The well-established principles in the UK governing the assessment of Step 2 issues do not require the identification of technical features or that patentability only be available in respect of technical features as described in EPO case law. The courts in the UK will therefore need to explain how the principles described in the leading authorities - such as Actavis v ICOS [2019] UKSC 15 and Synthon v SKB [2005] UKHL 59 - should be adapted to give effect to the Supreme Court’s ruling in the Emotional Perception case.
The Supreme Court has, however, reassured the lower courts that it has not created a “Frankenstein monster”(!).
Background to the Emotional Perception case reaching the Supreme Court
Emotional Perception claims to have invented a system or method which uses an artificial neural network (ANN) to replicate the similarities and differences which a human being might subjectively perceive between different files of information (for example music files). It is said to be able to make better recommendations based on objectively measurable physical properties of the files. Emotional Perception sought patent protection in the UK for its invention.
The Patents Act 1977 (PA), section 1(1)-(4), and EPC article 52 (which it implements), both provide that a patent may be granted for an ‘invention’ provided that it is new, involves an inventive step and is susceptible of industrial application. Both expressly exclude from patentability a number of listed things (for example 'a program for a computer…as such').
The Hearing Officer, the High Court and the Court of Appeal reached flip-flopping conclusions as to whether Emotional Perception’s application was excluded from patentability under the “program for a computer…as such” exclusion. They did so applying the law explained by the Court of Appeal in Aerotel v Telco [2006] EWCA Civ 1371. Emotional Perception, unsuccessful in the Court of Appeal, appealed to the Supreme Court arguing that the Aerotel approach was out of step with the requirements of the EPC.
How to approach patentability issues in light of the Supreme Court’s judgment
The Supreme Court concluded that the Aerotel approach was not compliant with the requirements of EPC art. 52. A new approach was needed.
The Supreme Court focused its reasoning on the text of EPC article 52, which provides:
"Patentable inventions
1. European patents shall be granted for any inventions, in all fields of technology, provided that they are new, involve an inventive step and are susceptible of industrial application.

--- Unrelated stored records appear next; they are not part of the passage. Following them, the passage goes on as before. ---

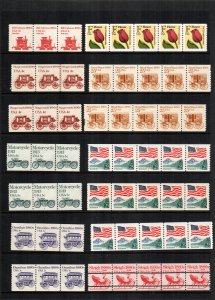 United States   14 MNH plate number coils transportation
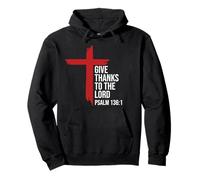 Give Thanks to The Lord Bible Verse Christian Psalm 136:1 Sudadera con Capucha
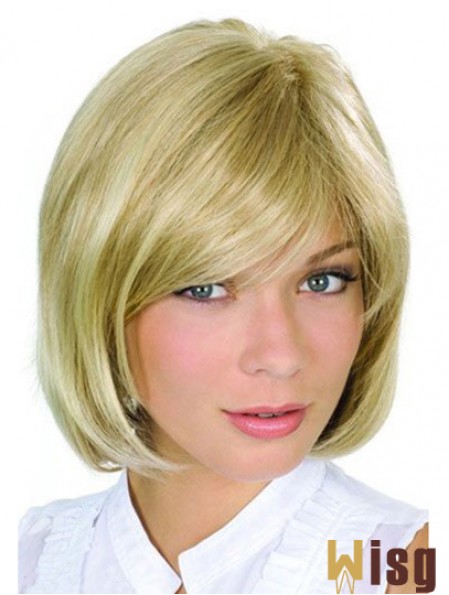 Chin Length Blonde High Quality 10 inch Wavy Bob Wigs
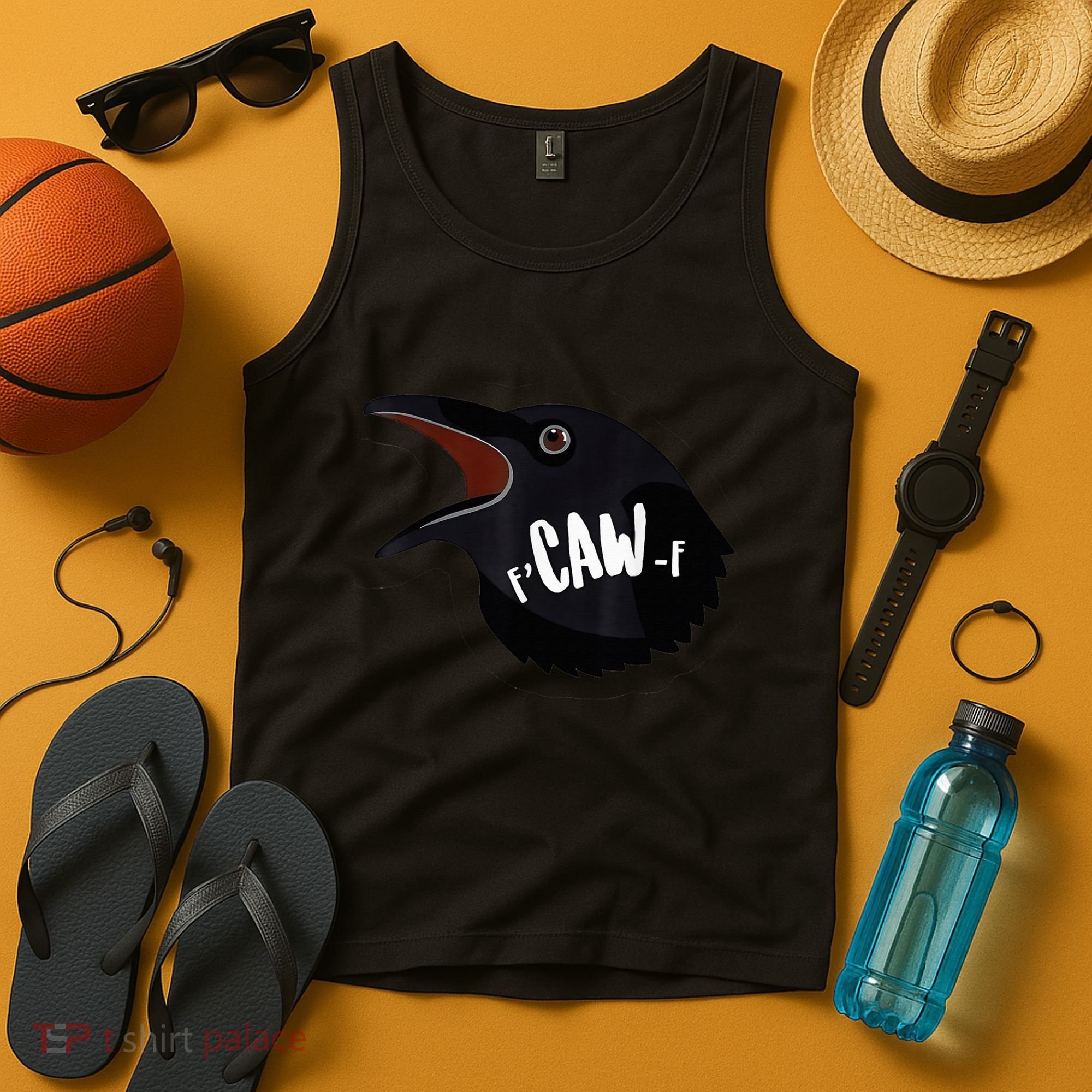F-Caw-F Black Crow Tank Top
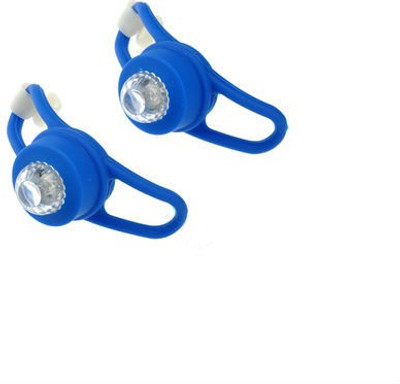 

Shrih Silicone Safety Flashing Bicycle LED Front Rear Light Combo(Blue)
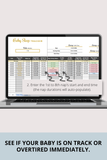 newborn daily routine and sleep log Google Sheets template
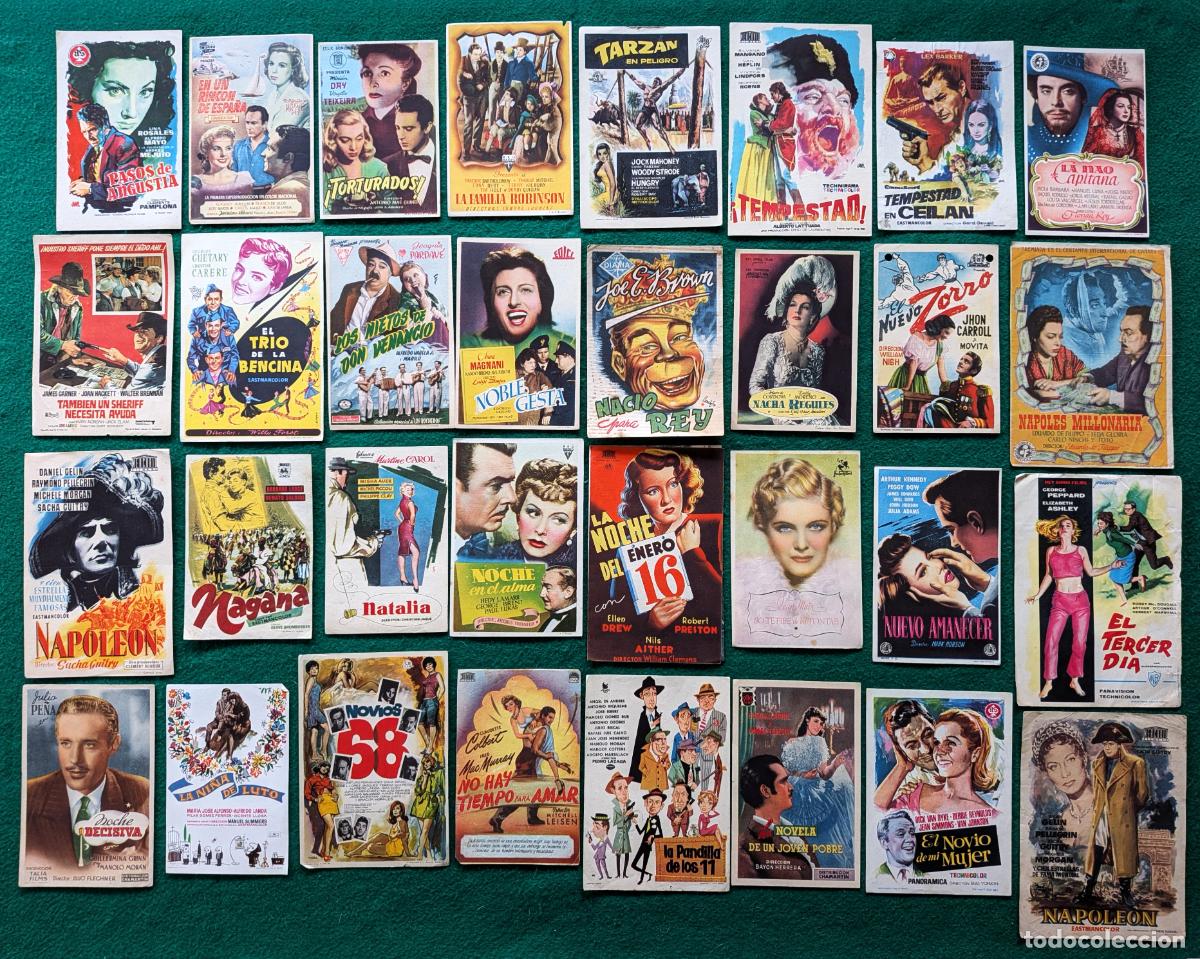  Flyers Publicitaires de films Anciens: RW LOTE 120 PROGRAMAS DE CINE PROGRAMA CINE FOLLETO DE MANO DIFERENTES VER FOTOS ADICIONALES LTC11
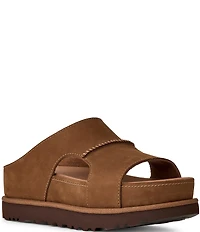 UGG Goldenstar Hi Cutout Suede Slide Sandals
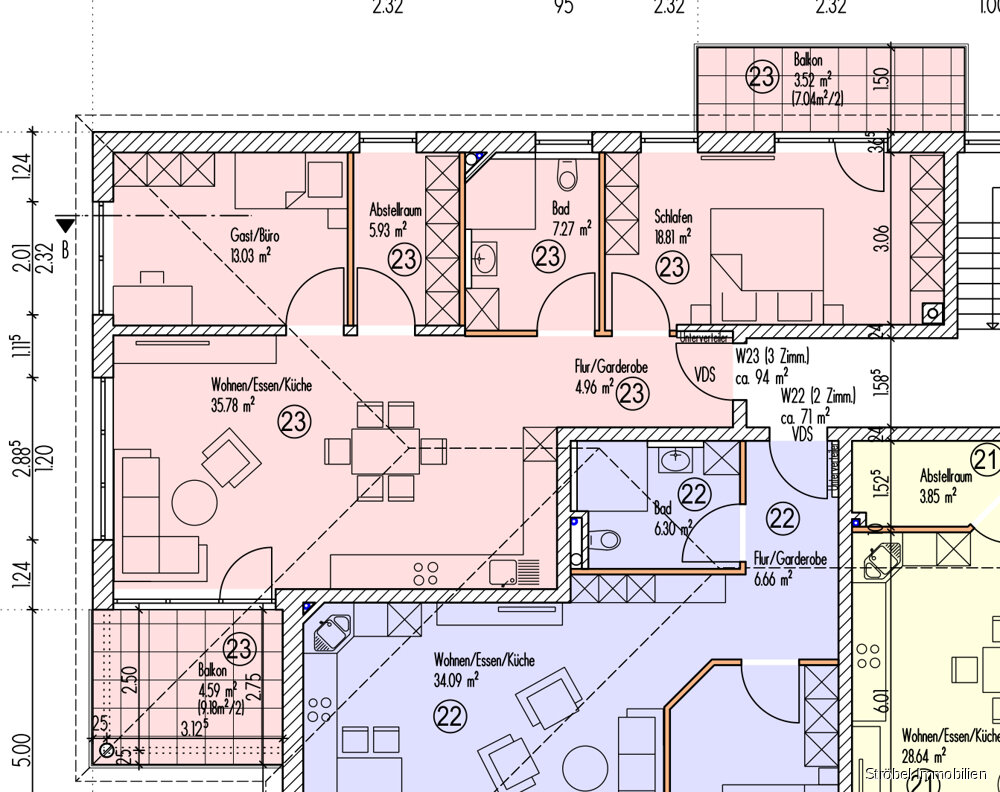 Wohnung zum Kauf 363.900 € 3 Zimmer 93,9 m²<br/>Wohnfläche 2.<br/>Geschoss Oberwörnitz Wörnitz 91637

2. The following in particular shall not be regarded as inventions within the meaning of paragraph 1:
- (a) discoveries, scientific theories and mathematical methods;
- (b) aesthetic creations;
- (c) schemes, rules and methods for performing mental acts, playing games or doing business, and programs for computers;
- (d) presentations of information.
3. Paragraph 2 shall exclude the patentability of the subject-matter or activities referred to therein only to the extent to which a European patent application or European patent relates to such subject-matter or activities as such."
The Supreme Court explained that the correct approach to the interpretation and application of art. 52 is that explained by the Enlarged Board in G 1/19, which drew upon Board of Appeal reasoning in T 154/04 Duns. In each of those decisions though, aspects of the reasoning addressed or were phrased in the context of the EPO’s preference for the problem and solution approach, rather stating something dictated by the EPC on its true interpretation.

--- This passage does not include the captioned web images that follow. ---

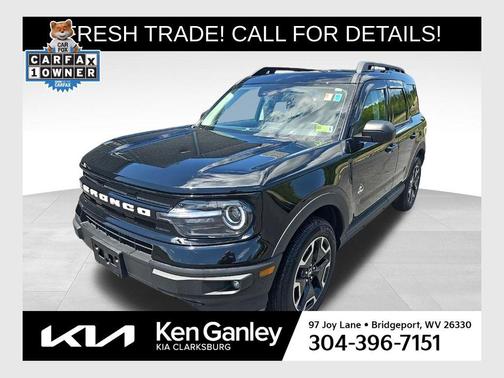 Shadow Black 2023 Ford Bronco Sport Outer Banks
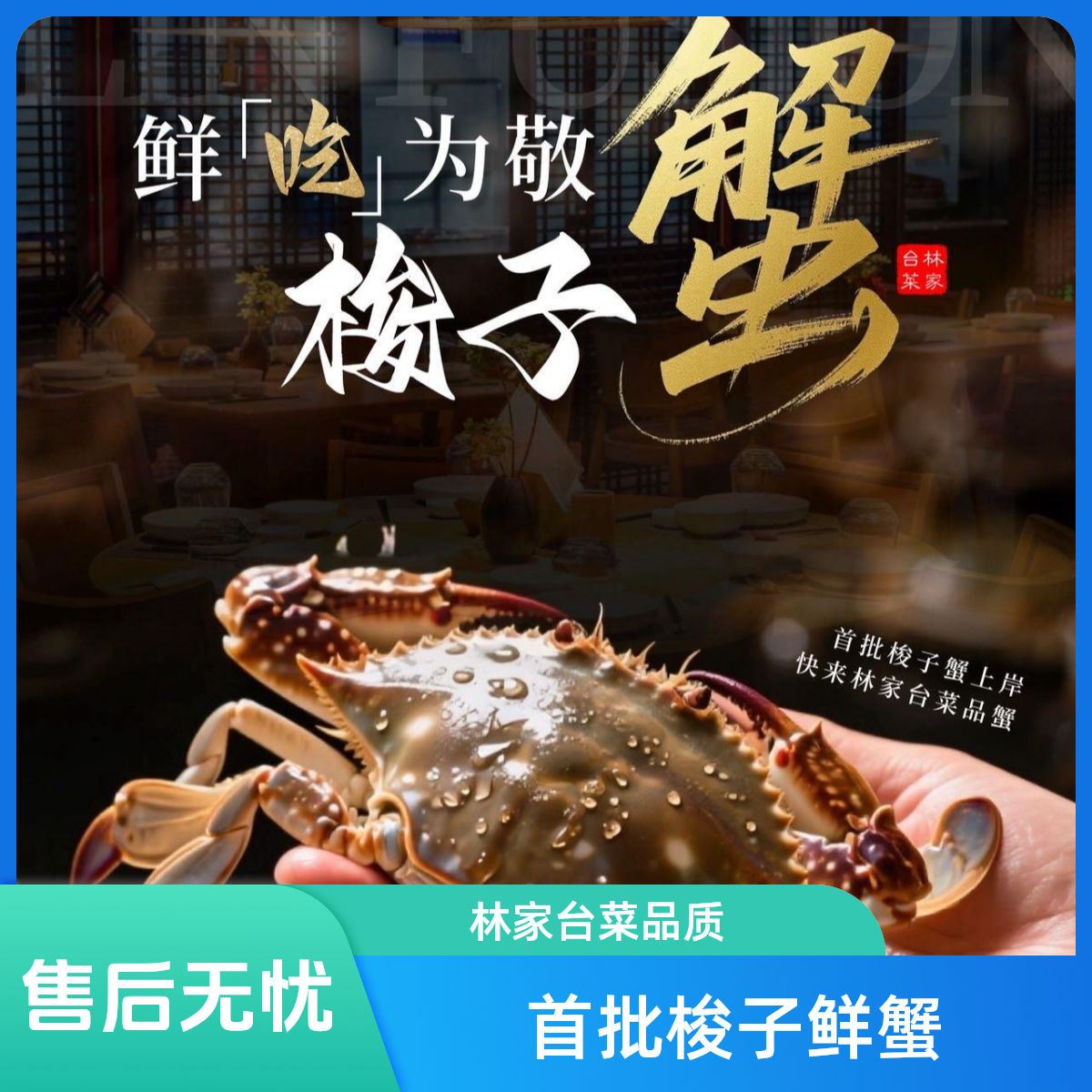 鲜活舟山梭子蟹200-450克每只丨温江小时达丨鲜活同城配送丨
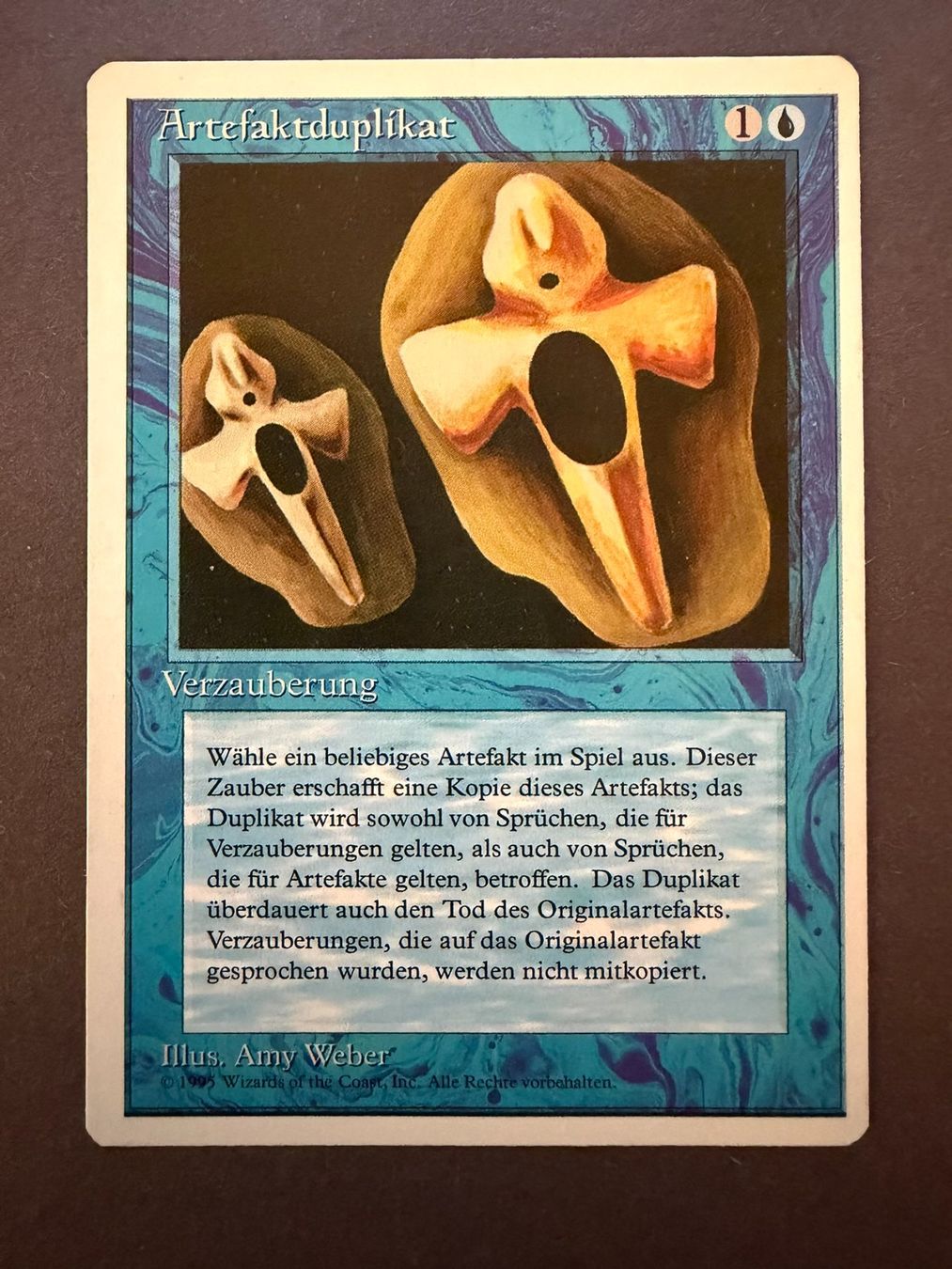 Magic The Gathering Carte collezionabili: Artefaktduplikat // Foreign White Bordered // Magic – Usato da Binz venduto da Tempelritter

How the courts in the UK should proceed in light of Emotional Perception, G 1/19 and Duns therefore requires some unpacking.
In short, the Supreme Court explained that to be patentable, any invention has to (1) pass the “eligibility test” of art. 52 (i.e. it must not fall under the “non-inventions” mentioned there), and (2) fulfil the other criteria listed in that article (of novelty, inventive step, susceptibility to industrial application). Additionally, an intermediate step requires consideration of what feature(s) may contribute to the assessment of Step (2). Elaborating further:
Step (1): The ‘eligibility’ / ‘invention’ test
The requirement for an ‘invention’ is separate and distinct from the requirements for novelty, inventive step and susceptibility of industrial application, and it must be considered first, ahead of and separately from the other three requirements.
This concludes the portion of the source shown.